Records contained in a dataset:
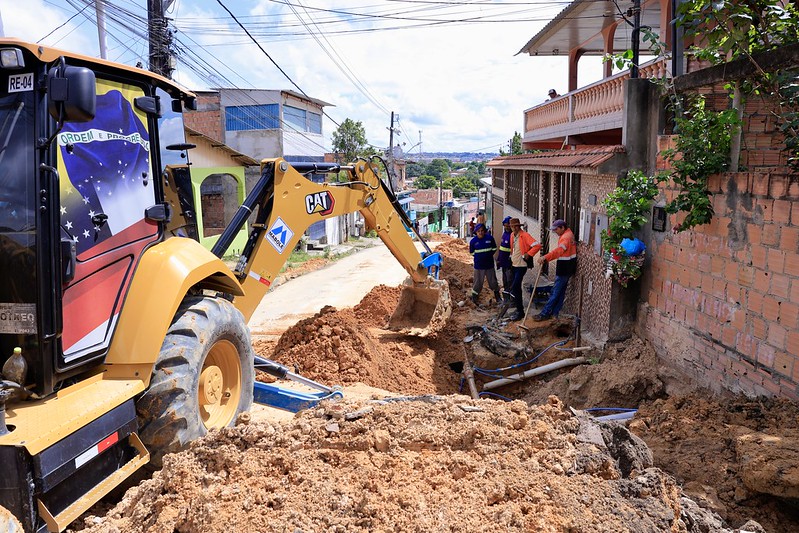 Prefeitura de Manaus faz instalação de 50 metros de drenagem profunda no bairro Tancredo Neves
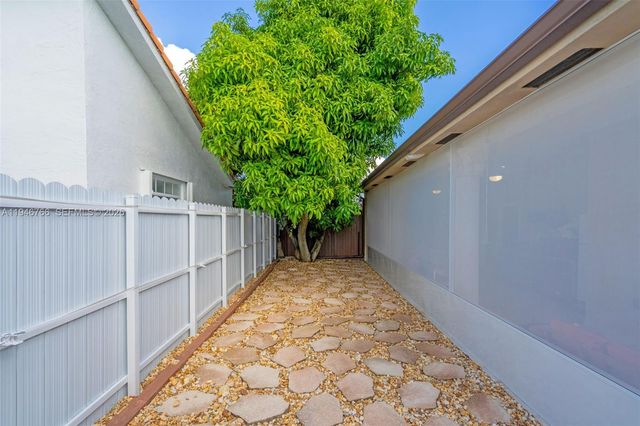 8781 NW 148th Ter, Miami Lakes, FL 33018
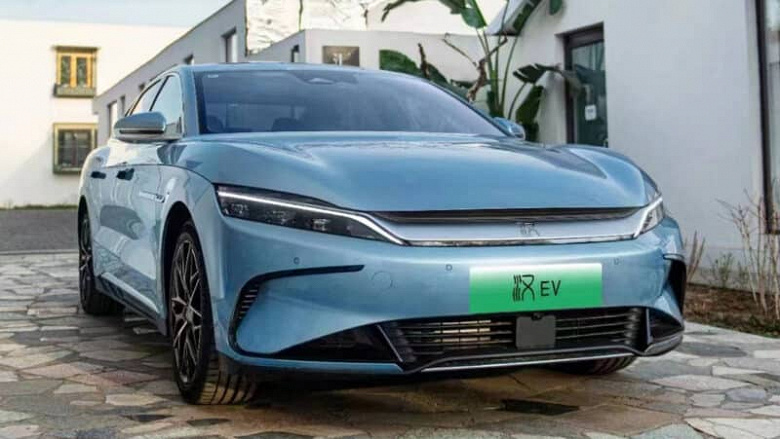 BYD Han EV 2023 стал суперхитом: за 4 часа продано 5000 машин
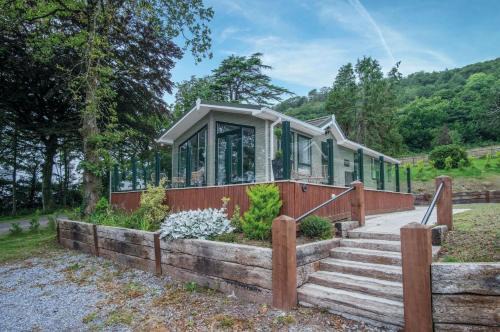 Llanddowror Apartment | 1 Manor Lodge - 3 Bedroom Lodge - Pendine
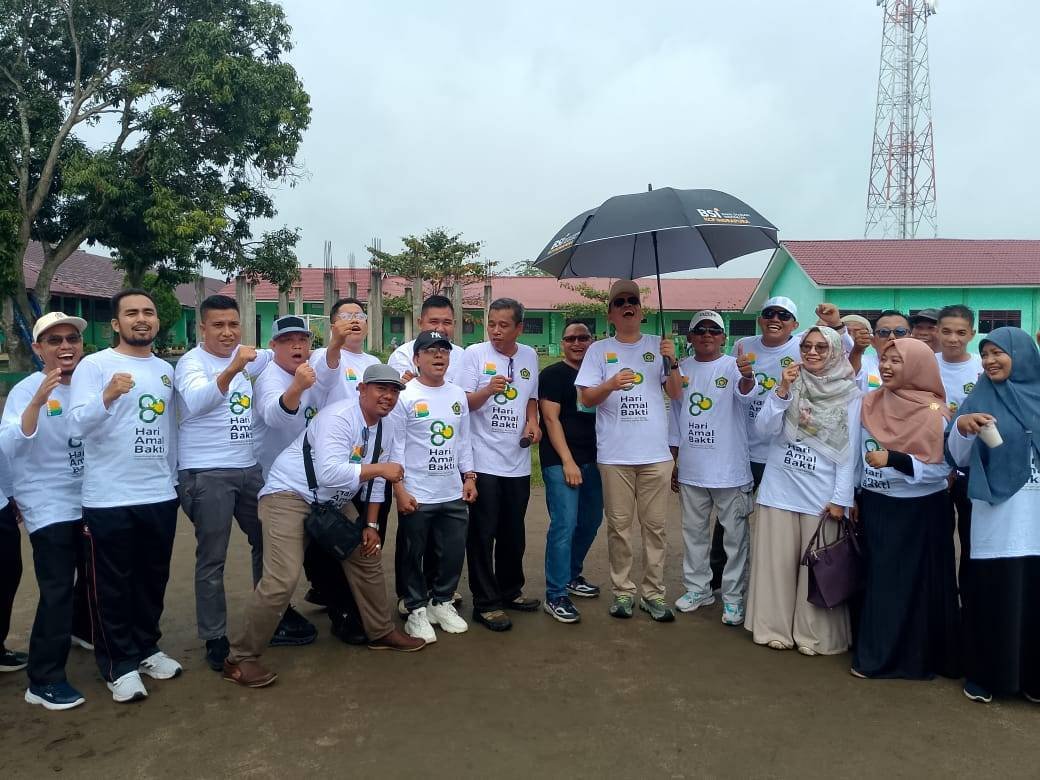 Ka KUA Lima Puluh dan Staf Senam Sambut HAB ke-80 Kemenag RI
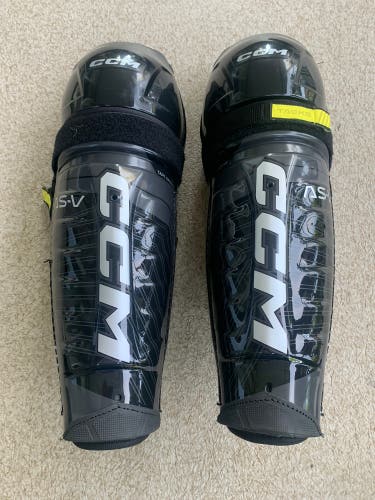 New Senior CCM Tacks AS-V 15" Shin Pads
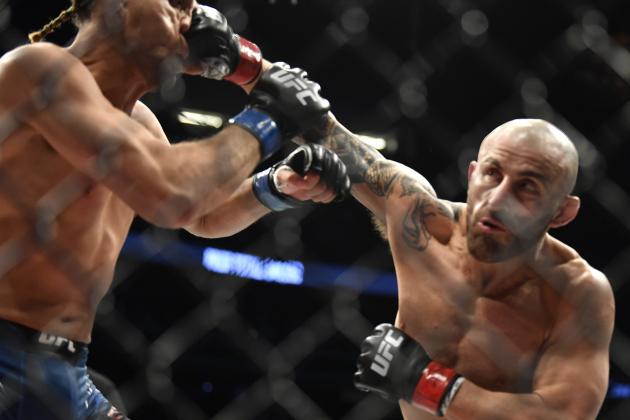 LAS VEGAS, NEVADA - SEPTEMBER 25: (R-L) Alexander Volkanovski of Australia punches Brian Ortega in their UFC featherweight championship fight during the UFC 266 event on September 25, 2021 in Las Vegas, Nevada. (Photo by Chris Unger/Zuffa LLC)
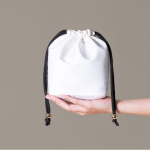 Saco pequeno de nylon com fecho elegante de cordões pretos quarta vista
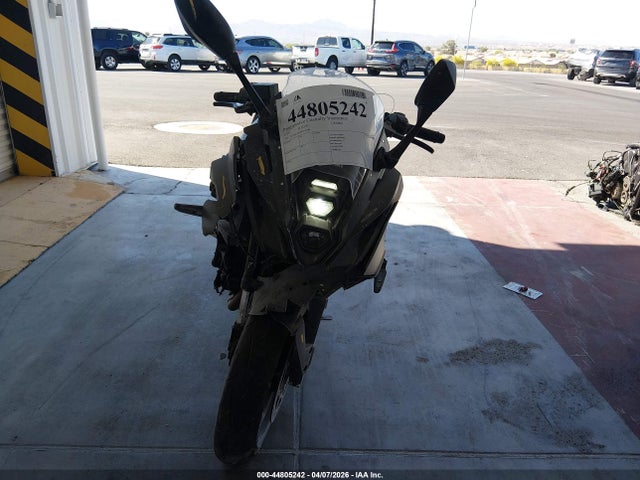 2025 Suzuki Gsx800 F მანქანა იყიდება აუქციონზე, vin: JS1EM13B7S7101084, აუქციონის ნომერი: 44805242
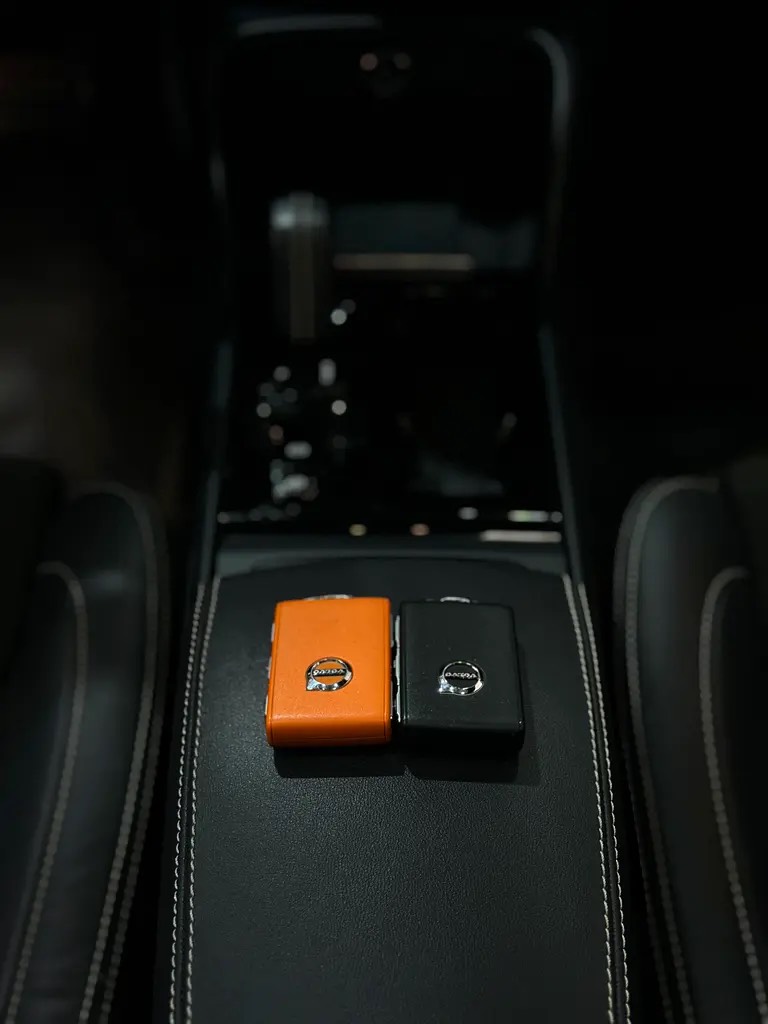 Volvo XC40 T4 R Design photo 10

TASK INSTRUCTIONS —
Transcribe exactly the span of lines that opens with the line holding "LAS VEGAS, NEVADA - SEPTEMBER" and closes with the last line of the entries above. Omit pictures.

EXERCISE SOLUTION —
 LAS VEGAS, NEVADA - SEPTEMBER 25: (R-L) Alexander Volkanovski of Australia punches Brian Ortega in their UFC featherweight championship fight during the UFC 266 event on September 25, 2021 in Las Vegas, Nevada. (Photo by Chris Unger/Zuffa LLC)
 Saco pequeno de nylon com fecho elegante de cordões pretos quarta vista
 2025 Suzuki Gsx800 F მანქანა იყიდება აუქციონზე, vin: JS1EM13B7S7101084, აუქციონის ნომერი: 44805242
 Volvo XC40 T4 R Design photo 10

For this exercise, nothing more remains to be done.